Crash consistent – The standard HPE SimpliVity backup. This is a snapshot of the Data Container at the time the backup is taken. This backup consists of only metadata and index update operations. No I/O to disk incurred making them nearly instantaneous.

Application consistent – This methods leverages VMware Tools to firstly quiesce the VM prior to taking a HPE SimpliVity snapshot (default for Application Consistent option). Select the Application Consistent option when opting for application consistent backups (when creating or editing a policy rule)

  • Firstly, a VMware Snapshot is taken. Outstanding I/O flushed to the disk via VMware tools commands. The VM is now running off a snapshot.
  • A Point in time HPE SimpliVity snapshot is taken of the Data Container (Standard HPE SimpliVity Backup)
vCenter Tasks highlighting the VMware Snapshot Process (Note: this process completes completes before HPE SimpliVity Snapshot is taken)

Note: The restored VM will also contain the VMware Snapshot file (as we take the HPE SimpliVity Snapshot after the VMware Snapshot is taken) thus, the VM should be reverted prior to powering on to ensure the VM is fully consistent (as any I/O performed after the VMware snapshot is was not flushed)

Remember to revert any VMware Snapshots when restoring a HPE SimpliVity Application Consistent Backup

Application consistent with Microsoft VSS – Standard HPE SimpliVity Backup with Microsoft Volume Shadow Copy Service (VSS)

MS-VSS uses application-specific writers to freeze an application and databases, and ensures that all the data transferring from one file to another is captured and consistent before the HPE SimpliVity backup is taken.

SQL Server 2008 R2, 2012, 2014 and 2016 are supported VSS applications. and Windows Server 2008 R2, 2012 R2, and 2016 are supported VSS operating systems.

Guidelines and full steps on how to enable (and restore) VSS backups are outlined in the HPE SimpliVity administration guides

Select the Microsoft VSS option when opting for application-consistent backups (when creating or editing a policy rule)

Save windows credentials to the virtual machine(s) that use the policy using the SimpliVity “Save Credentials for VSS” option. The credentials you provide should be also be added to the local machine’s administrator group.

These credentials are used to copy and run VSS scripts to freeze the application and databases before the HPE SimpliVity backup is taken.

Backup Consumption – Viewing Cluster Capacity

To view cluster capacity navigate to the Cluster object and under the Monitor tab, choose HPE SimpliVity Capacity.

Within the GUI, physical backup consumption is not split from overall physical consumption i.e. physical consumption is a combination of local, remote and virtual machine backup data.

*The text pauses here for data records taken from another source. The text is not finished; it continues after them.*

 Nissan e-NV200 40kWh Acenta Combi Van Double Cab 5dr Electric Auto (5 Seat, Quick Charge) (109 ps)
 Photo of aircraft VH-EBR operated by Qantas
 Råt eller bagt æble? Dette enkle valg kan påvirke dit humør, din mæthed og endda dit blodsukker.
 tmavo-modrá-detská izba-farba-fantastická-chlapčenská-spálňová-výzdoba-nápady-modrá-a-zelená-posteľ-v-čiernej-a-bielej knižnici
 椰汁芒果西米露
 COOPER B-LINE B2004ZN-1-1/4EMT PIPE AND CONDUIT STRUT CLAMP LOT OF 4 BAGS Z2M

Logical consumption is listed, you can think as logical consumption as the physical space required to store all backups with no de-duplication.

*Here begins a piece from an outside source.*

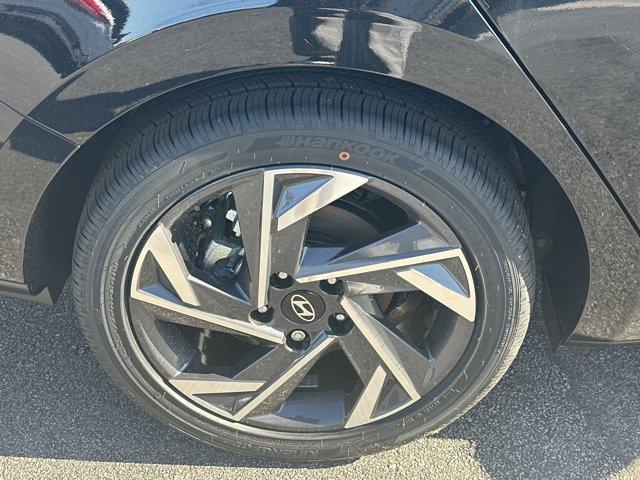 new 2025 Hyundai Elantra car, priced at $26,898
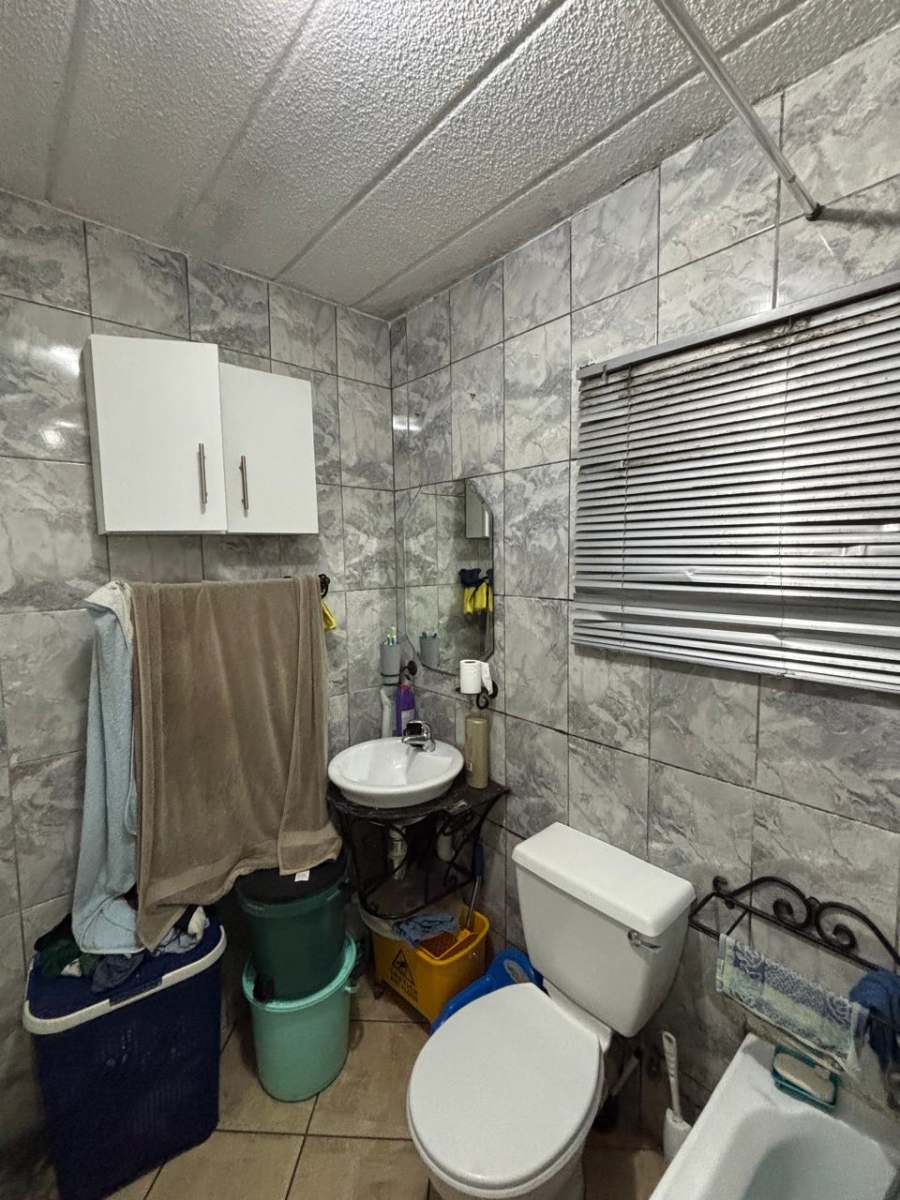 2 Bedroom Property for Sale in Linmeyer Gauteng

Within the GUI it is possible to view individual unique backup sizes by selecting any HPE SimpliVity backup and under backup Actions, selecting the Calculate Unique Backup Size option.

Once complete scroll to the right of the backup screen to the column – Unique Backup to view.

This method can be useful, however individual node consumption figures are not listed within the vSphere plugin / GUI. If you wish to view physical consumption information per node you will need to resort to the cli

Backup Consumption – viewing individual node utilization

The command ‘dsv-backup-size-estimate‘ can be a useful tool if you are looking to break out individual node backup consumption figures. This command will list total node on-disk consumption, local backup and remote backup on-disk consumption figures for all backups contained on the node.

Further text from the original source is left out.